Dr. Max Kelz Brings Passion for Research to IARS Board

In speaking with Max B. Kelz, MD, PhD for just a few minutes, his passion for the specialty of anesthesiology is apparent. He exudes an unmistakable sense of wonder for anesthesiology, becoming more animated as he expounds on his research and the advancements in the field. For much of his career, Dr. Kelz has contributed to unraveling the mystery behind how anesthetic drugs work while concurrently providing exceptional mentorship to promising young investigators. This dedication to the advancement of research and mentorship for the next generation of anesthesiologists made the decision easy for Dr. Kelz to accept a position on the Board of Trustees for the International Anesthesia Research Society (IARS).

Dr. Kelz, who is the David E. Longnecker Associate Professor of Anesthesiology and Critical Care, and Director for Research Education, Department of Anesthesiology and Critical Care, at Perelman School of Medicine at University of Pennsylvania, is honored to be able to support the IARS mission to advance scientific research and education and improve patient care.
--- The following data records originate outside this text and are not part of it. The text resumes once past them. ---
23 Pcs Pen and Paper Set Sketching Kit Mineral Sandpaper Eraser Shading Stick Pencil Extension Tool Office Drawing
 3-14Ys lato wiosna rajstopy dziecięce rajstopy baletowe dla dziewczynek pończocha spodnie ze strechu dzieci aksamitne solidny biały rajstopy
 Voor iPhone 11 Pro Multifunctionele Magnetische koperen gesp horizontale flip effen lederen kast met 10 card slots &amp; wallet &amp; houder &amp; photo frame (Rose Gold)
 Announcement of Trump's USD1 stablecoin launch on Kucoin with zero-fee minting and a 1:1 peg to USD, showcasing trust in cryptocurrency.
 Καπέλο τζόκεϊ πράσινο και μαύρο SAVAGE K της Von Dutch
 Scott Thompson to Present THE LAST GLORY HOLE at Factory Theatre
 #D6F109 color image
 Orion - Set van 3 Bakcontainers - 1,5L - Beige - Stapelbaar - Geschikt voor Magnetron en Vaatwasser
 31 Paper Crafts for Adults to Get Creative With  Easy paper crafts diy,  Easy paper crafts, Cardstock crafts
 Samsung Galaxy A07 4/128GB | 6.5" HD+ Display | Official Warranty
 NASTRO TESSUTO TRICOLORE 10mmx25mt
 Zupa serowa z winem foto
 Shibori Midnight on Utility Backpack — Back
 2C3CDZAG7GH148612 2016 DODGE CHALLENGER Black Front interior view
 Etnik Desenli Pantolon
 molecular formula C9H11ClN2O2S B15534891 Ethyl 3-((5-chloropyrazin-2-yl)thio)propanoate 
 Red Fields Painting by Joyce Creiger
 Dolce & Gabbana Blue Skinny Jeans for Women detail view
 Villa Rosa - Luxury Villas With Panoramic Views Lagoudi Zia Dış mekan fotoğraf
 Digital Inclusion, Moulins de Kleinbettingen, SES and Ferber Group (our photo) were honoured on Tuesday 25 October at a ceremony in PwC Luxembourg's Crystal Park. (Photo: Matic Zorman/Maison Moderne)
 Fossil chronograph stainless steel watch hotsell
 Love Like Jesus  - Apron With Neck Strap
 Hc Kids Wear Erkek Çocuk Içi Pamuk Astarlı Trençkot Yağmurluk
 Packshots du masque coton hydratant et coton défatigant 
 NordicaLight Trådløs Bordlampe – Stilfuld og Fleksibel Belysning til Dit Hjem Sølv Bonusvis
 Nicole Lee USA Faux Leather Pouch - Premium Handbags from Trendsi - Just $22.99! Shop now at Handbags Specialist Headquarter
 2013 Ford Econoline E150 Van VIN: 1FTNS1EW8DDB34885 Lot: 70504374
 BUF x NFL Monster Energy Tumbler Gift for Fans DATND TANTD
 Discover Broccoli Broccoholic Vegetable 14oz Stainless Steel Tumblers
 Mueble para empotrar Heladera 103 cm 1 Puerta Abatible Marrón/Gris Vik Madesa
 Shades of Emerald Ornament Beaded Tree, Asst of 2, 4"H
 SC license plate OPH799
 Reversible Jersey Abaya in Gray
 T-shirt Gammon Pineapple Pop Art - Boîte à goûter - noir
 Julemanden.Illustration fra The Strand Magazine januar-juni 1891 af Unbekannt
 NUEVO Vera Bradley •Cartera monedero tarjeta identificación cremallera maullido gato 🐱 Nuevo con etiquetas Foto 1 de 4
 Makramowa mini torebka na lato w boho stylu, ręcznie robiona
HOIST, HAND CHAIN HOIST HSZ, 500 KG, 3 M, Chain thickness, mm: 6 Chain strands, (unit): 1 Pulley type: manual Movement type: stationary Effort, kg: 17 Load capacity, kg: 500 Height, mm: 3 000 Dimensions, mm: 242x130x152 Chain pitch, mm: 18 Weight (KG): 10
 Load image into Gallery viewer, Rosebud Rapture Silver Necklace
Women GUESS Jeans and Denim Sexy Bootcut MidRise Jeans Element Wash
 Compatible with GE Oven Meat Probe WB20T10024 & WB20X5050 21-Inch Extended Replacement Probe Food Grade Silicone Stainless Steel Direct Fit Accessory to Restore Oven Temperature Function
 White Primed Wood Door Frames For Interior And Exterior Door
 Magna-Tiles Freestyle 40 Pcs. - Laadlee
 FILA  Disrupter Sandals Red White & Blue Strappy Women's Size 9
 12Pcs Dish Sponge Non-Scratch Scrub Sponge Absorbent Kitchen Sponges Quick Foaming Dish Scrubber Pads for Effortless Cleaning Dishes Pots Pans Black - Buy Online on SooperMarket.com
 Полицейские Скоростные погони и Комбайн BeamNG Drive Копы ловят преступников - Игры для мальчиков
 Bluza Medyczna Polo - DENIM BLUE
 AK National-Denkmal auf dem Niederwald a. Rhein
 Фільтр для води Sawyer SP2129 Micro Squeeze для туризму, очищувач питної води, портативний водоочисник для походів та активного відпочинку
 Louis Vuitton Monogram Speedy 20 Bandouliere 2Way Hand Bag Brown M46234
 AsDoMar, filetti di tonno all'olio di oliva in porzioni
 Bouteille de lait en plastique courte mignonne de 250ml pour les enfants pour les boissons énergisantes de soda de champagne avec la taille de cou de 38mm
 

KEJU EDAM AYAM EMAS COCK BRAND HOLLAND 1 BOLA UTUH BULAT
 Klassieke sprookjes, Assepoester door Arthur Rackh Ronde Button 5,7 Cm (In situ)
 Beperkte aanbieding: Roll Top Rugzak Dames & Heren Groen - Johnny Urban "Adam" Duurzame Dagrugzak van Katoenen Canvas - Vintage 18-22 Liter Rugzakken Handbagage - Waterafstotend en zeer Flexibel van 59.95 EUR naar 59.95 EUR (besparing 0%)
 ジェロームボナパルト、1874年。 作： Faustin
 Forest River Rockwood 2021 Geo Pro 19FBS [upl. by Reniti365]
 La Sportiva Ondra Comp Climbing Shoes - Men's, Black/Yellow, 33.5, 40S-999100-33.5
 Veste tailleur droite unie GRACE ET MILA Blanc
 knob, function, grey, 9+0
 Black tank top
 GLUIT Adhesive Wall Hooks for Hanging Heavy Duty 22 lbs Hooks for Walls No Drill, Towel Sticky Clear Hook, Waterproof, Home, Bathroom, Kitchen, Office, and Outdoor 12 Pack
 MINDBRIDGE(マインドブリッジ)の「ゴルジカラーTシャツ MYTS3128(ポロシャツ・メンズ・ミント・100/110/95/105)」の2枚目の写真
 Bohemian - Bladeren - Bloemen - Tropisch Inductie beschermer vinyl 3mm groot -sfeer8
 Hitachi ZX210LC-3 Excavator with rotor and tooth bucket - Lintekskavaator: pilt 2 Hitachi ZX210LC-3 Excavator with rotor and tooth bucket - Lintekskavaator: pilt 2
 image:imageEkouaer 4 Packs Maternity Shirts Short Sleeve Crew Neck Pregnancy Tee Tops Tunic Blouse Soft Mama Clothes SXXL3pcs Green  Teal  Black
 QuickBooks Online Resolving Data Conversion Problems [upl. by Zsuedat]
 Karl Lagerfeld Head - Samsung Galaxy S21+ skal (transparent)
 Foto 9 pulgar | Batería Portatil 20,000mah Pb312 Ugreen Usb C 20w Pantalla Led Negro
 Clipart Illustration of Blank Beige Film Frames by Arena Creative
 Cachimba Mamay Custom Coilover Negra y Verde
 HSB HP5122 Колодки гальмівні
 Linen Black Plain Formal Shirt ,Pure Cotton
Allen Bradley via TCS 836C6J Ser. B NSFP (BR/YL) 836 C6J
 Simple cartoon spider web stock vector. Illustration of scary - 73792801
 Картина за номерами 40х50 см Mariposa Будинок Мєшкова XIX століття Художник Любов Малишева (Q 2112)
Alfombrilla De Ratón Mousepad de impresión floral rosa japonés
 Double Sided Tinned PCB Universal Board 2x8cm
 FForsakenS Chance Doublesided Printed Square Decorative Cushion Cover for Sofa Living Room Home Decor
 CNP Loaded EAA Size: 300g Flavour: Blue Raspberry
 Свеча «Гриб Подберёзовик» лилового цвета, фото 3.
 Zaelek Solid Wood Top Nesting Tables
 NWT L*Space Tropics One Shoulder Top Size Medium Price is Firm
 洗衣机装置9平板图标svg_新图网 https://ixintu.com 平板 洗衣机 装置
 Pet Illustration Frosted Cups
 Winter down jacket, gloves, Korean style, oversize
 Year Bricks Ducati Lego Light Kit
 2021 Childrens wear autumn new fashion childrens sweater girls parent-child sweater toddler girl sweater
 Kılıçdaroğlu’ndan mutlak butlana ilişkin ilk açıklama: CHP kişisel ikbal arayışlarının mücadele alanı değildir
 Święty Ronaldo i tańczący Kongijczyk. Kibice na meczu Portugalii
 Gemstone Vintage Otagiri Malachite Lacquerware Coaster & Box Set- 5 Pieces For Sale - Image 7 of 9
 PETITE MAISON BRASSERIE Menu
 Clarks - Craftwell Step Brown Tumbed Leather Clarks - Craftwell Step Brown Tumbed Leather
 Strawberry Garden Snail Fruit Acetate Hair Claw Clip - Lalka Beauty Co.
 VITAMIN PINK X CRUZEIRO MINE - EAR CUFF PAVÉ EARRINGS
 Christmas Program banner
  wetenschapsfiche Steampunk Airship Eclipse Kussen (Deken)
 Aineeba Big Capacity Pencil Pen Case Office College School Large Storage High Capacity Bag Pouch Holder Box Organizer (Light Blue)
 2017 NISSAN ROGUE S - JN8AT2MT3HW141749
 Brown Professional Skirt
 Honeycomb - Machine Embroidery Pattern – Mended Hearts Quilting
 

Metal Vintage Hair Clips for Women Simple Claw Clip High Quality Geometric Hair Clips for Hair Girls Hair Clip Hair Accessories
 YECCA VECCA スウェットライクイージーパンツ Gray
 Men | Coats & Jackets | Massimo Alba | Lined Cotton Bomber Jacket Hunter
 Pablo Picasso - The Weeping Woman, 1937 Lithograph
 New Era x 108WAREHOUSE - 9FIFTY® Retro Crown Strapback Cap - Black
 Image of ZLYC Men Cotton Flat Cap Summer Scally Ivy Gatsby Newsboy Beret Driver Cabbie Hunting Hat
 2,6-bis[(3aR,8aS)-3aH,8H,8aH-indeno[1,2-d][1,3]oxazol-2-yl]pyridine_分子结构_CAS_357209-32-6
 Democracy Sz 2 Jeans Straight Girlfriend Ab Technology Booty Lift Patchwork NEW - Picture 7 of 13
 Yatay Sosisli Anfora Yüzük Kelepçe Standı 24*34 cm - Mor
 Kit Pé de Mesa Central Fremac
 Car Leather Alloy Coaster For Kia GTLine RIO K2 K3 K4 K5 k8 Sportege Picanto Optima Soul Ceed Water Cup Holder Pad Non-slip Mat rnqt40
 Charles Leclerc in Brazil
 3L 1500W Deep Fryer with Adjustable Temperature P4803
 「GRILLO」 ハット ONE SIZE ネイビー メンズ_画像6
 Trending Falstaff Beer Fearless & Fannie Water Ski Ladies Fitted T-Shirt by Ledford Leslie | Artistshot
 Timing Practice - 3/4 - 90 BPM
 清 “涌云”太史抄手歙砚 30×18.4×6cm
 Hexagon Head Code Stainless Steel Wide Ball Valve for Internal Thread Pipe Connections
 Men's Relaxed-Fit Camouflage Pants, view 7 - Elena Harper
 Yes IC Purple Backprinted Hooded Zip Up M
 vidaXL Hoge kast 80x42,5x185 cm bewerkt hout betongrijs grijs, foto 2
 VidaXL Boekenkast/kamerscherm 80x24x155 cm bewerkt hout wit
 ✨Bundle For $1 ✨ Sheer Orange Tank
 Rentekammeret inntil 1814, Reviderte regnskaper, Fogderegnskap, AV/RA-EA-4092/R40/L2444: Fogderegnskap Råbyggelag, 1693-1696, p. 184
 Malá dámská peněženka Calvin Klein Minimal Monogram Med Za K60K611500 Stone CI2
He views his role on the IARS Board as an opportunity to have a voice in the scientific advancement of anesthesiology.

Joining the Board of Trustees was not his first contribution to the IARS community. Dr. Kelz served on the IARS Mentored Research Award (IMRA) Study Section for seven years, including as Chair this past year. “It was one of the more fun things I’ve done – seeing proposals from some of the best and brightest in the field,” he said. “When I came into residency, I didn’t appreciate how important good mentoring was. I thought good ideas would launch on their own.” He directly benefited from great mentors during his residency at University of Pennsylvania and became a staunch believer in developing strong mentoring opportunities. Dr. Kelz emphasized, “IARS grants are a way to nurture young talent and get them inspired about the future of academic anesthesiology.”

Most days, Dr. Kelz, who is originally from Chicago and a die-hard Chicago Bears fan, spends quality time in his lab, conducting basic and translational research. The Kelz Lab inspires bright junior faculty, post-docs and residents to dream up hypotheses that they can test in the OR. “Anesthesia is a field where you can use pharmacology to test ideas and get very rapid feedback on whether your clinical intuition was right or not,” he explained. Although a majority of his time is spent on research, he also spends 30 percent of his time in the OR focused on neuroanesthesia and is heavily involved in resident education. One of the questions his team focuses on is the arousal state neural event that initiates natural sleep and how induced anesthetic state is similar to NREM sleep. Through their work, they search for commonalities and differences that will better inform sleep biology as well as anesthetic mechanisms. 

Surprisingly, anesthesiology was not his planned career path when he entered the medical field. As a medical student at Yale University School of Medicine, Dr. Kelz initially thought he would pursue neurology or psychiatry. During the third and fourth weeks of his surgery rotation as a medical student, he was first exposed to the specialty of anesthesiology. “I didn’t figure out how cool the field was because it was so early in my training,” he said. What really convinced him that anesthesiology was his ideal career path was an experience he had with obstetric anesthesia later in his training. An attending let him administer epidural anesthesia on a pregnant patient. “The ability to knock out pain in a pregnant patient gave me great satisfaction. It was the first time I felt I made a true difference in a patient’s life,” he explained. And so he settled on anesthesiology as his specialty.

At this point, he thought that he would focus on research in pain. It wasn’t until he was a first-year resident that he stumbled upon his current research focus. He was caring for a patient with narcolepsy with cataplexy who was experiencing pain from a motor accident. After discontinuing general anesthesia, he expected the patient to emerge from anesthesia in 20 minutes. It took six hours. “I wondered what I had done wrong. It really opened my eyes. I didn’t really understand how the anesthetic drugs worked and the effects of how we use them every day,” he remembered. After further investigation, he discovered that the patient had experienced an episode of cataplexy which delayed emergence from anesthesia.

This revelation sparked him to pursue this research area over the next 15 years with the aim to better understand how anesthetic drugs work. Initially, he conducted controlled studies in mouse models exhibiting narcolepsy with cataplexy and then continued with cross-institutional collaborations studying fruit flies, zebra fish and eventually translational studies in humans. “It was exciting watching movies of the awake brain entering and subsequently exiting anesthesia,” he said. “The forward and backward states of anesthesia may not be a mirror image of one another. Those neural states could be overlapping or distinct in the reverse state out of anesthesia.” 

That excitement hasn’t faded for Dr. Kelz over the years. He has as much enthusiasm for the field as he did with that first case 15 years ago. “We have important questions that remain unanswered. There are phenomenal clinical therapies and fascinating clinical questions,” he said. “I very much enjoy doing clinical work and doing research. I am very happy to continue in this venue for as long as I can.” And that spirit and a healthy dose of enthusiasm and curiosity to answer the important questions in anesthesiology is something the IARS community can count on from Dr. Kelz.